** Data to process follows **

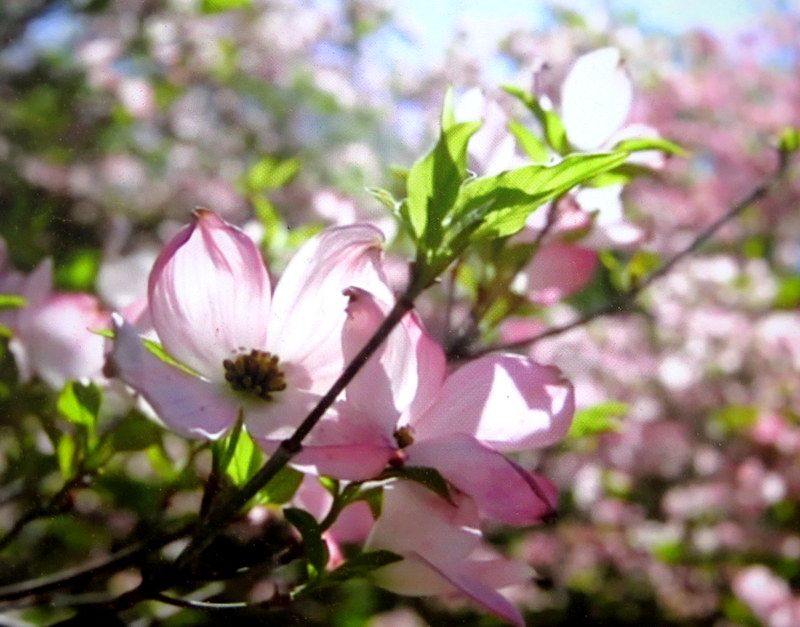 NYBG, Journey Through Spring II, Todd Forrest COVID-19 closure, Facebook Watch Party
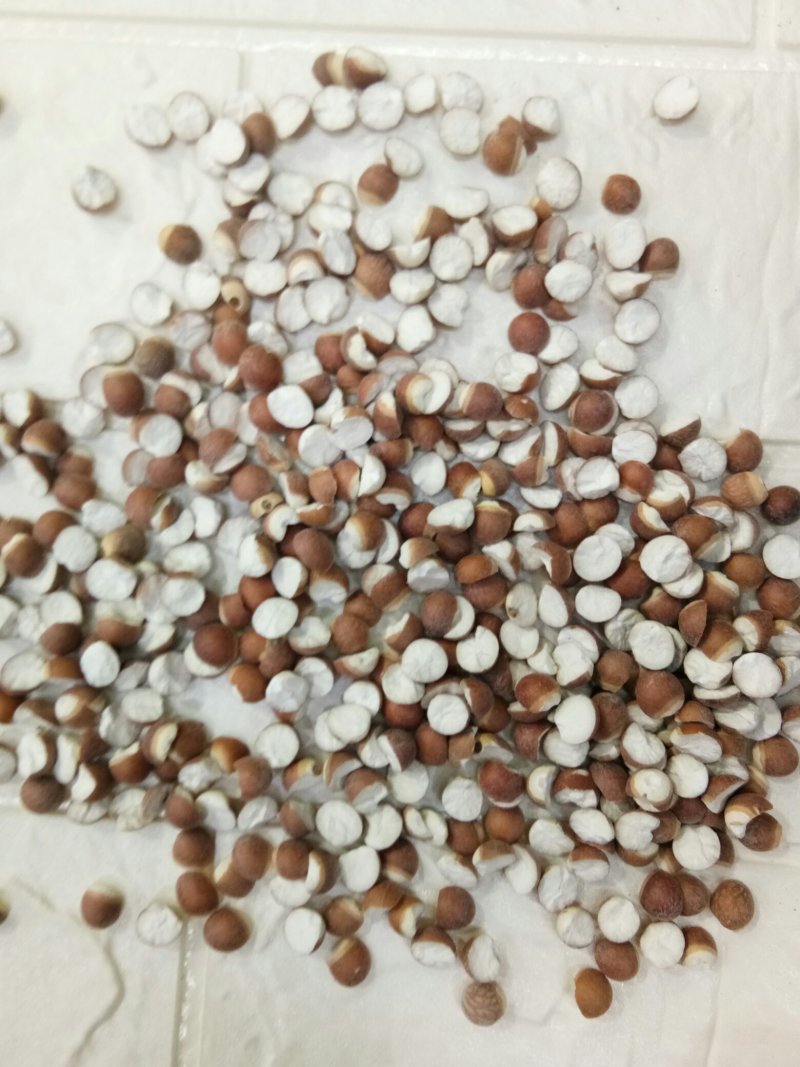 【热卖】芡实米肇庆芡实米新货粒粒饱满50斤起批不包邮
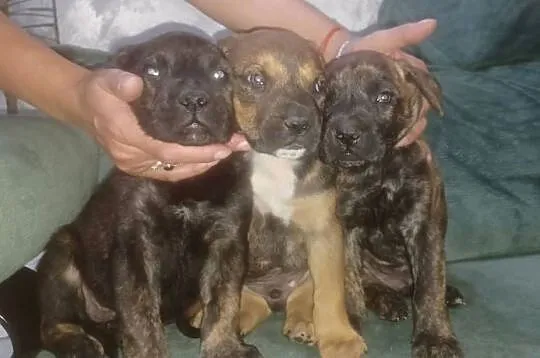 Cane corso pieski, Mazowieckie, Mińsk Mazowiecki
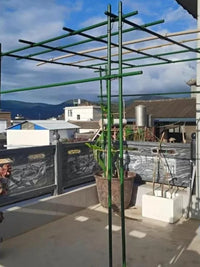 Heavy Duty Coated Steel Garden Arch Trellis for Climbing Plants, Vegetables, and Fruits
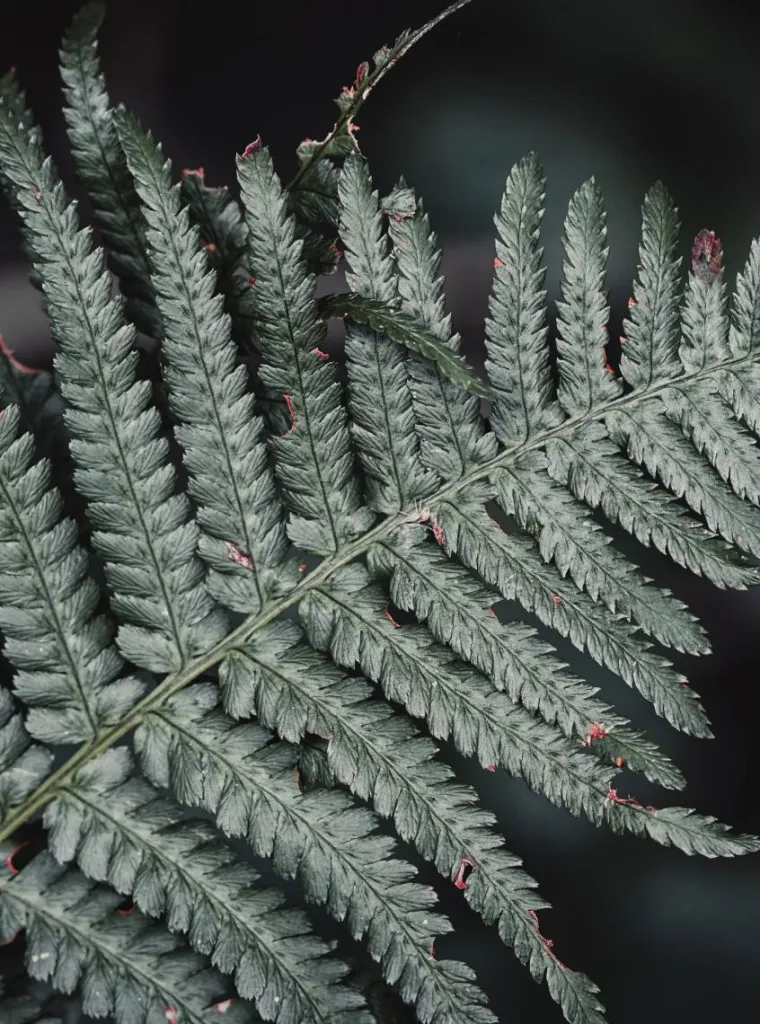 Fern in close-up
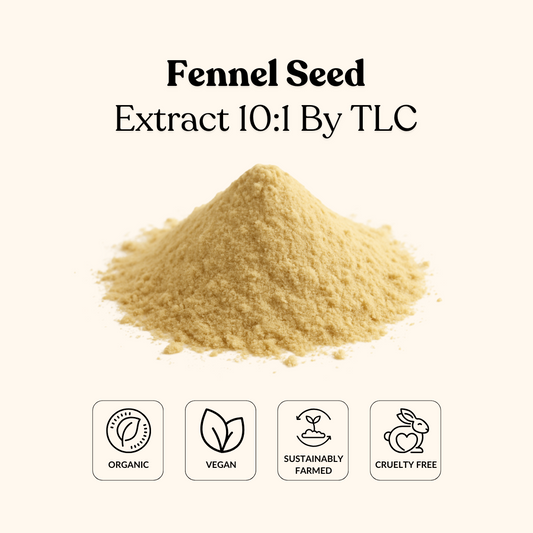 Fennel Seed Extract 10:1 By TLC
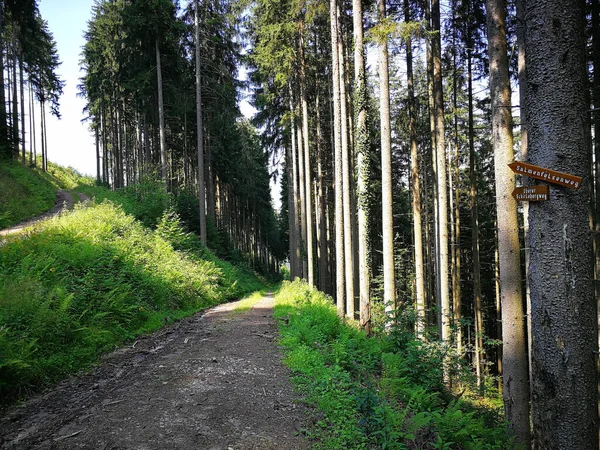 Een Pad Het Midden Van Het Bos Bij Daglicht — Stockfoto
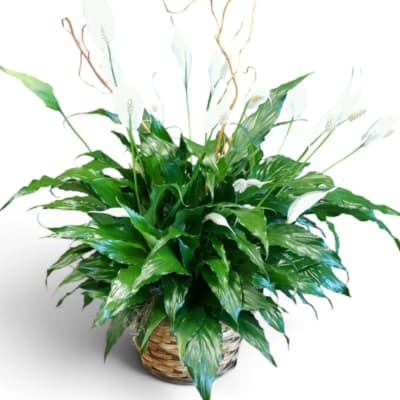 Potted peace lily arrangement with white blooms in a woven basket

** End of Data to process **

Please repeat each record above precisely, with the pictures left out.

§ Written answer
 NYBG, Journey Through Spring II, Todd Forrest COVID-19 closure, Facebook Watch Party
 【热卖】芡实米肇庆芡实米新货粒粒饱满50斤起批不包邮
 Cane corso pieski, Mazowieckie, Mińsk Mazowiecki
 Heavy Duty Coated Steel Garden Arch Trellis for Climbing Plants, Vegetables, and Fruits
 Fern in close-up
 Fennel Seed Extract 10:1 By TLC
 Een Pad Het Midden Van Het Bos Bij Daglicht — Stockfoto
 Potted peace lily arrangement with white blooms in a woven basket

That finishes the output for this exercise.